Dernier point : le réseau ASAN a été mis en place en 2012 dans le cadre des réformes globales de modernisation de l'administration publique, lancées par la présidence de la République. C'est une nouvelle approche des services publics mis à la disposition des citoyens.

Les centres de service ASAN sont des guichets uniques – one stop shot – qui réunissent les représentants de diverses institutions gouvernementales et entreprises privées. Vous pouvez y faire toutes vos démarches, et accéder aux services publics qui y sont installés. C'est une expérience assez novatrice, que l'on pourrait partager avec d'autres, et sur laquelle je pense qu'il faudrait communiquer davantage.

L'Azerbaïdjan n'est pas le seul pays qui tente d'améliorer ses services publics. Je sais que certains pays voisins font des efforts en ce sens – comme la France, d'ailleurs. Mais le fait que nous ayons su investir dans certains secteurs pour lutter contre la corruption montre bien quelles sont les préoccupations du Gouvernement.

Enfin, pour ne pas abuser de votre temps, je vais vous laisser aussi une petite fiche qui vous donnera des informations supplémentaires sur le réseau ASAN.

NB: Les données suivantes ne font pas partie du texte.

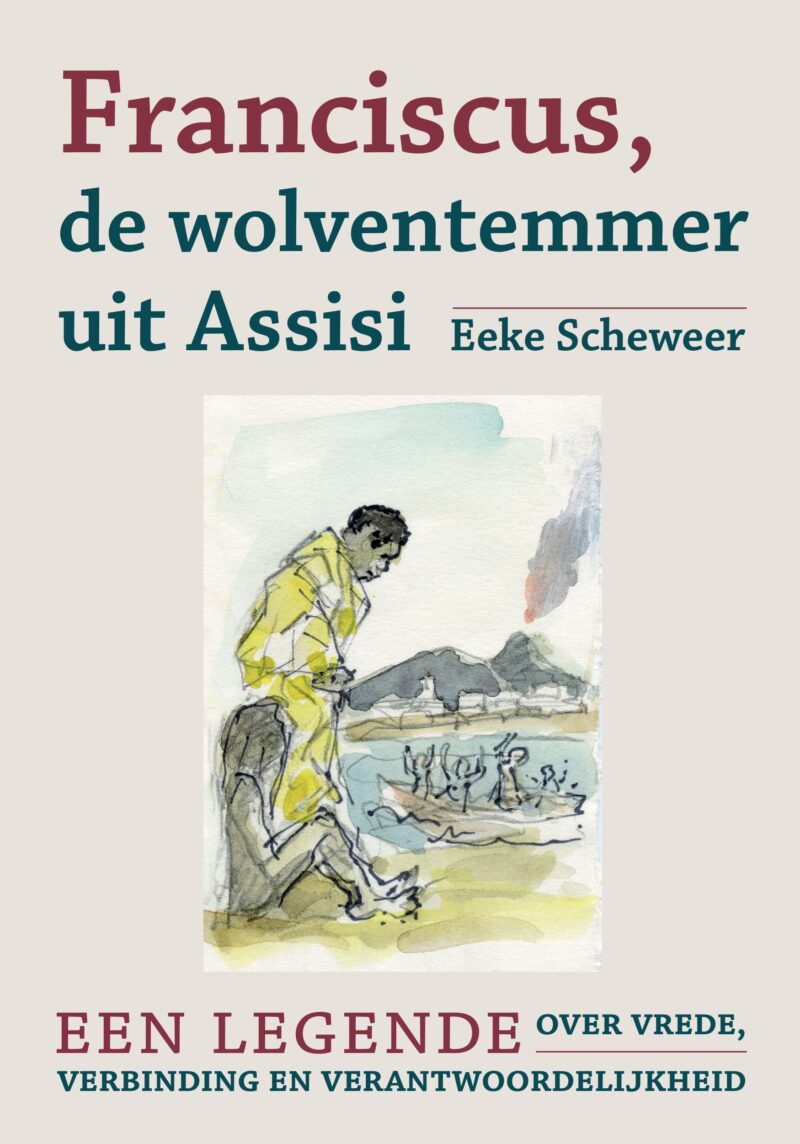 franciscus de wolventemmer-Eeke Scheweer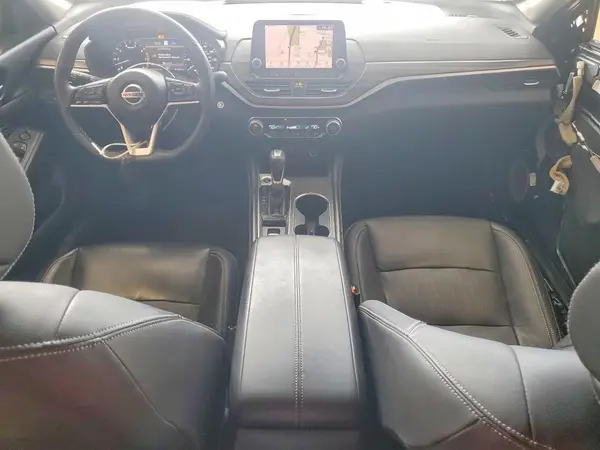 1N4BL4EW7KC174384 2019 NISSAN ALTIMA - Image 8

PermalienPhoto issue du site de l'Assemblée nationale ou de Wikipedia

Monsieur l'ambassadeur, vous vous êtes bien prêté au jeu des questions et des réponses, même si certaines étaient sans doute difficiles. Nous vous enverrons un questionnaire sur les points que j'ai déjà évoqués, et sur lesquels nous souhaiterions obtenir des précisions.

Je vous remercie.

La séance est levée à treize heures.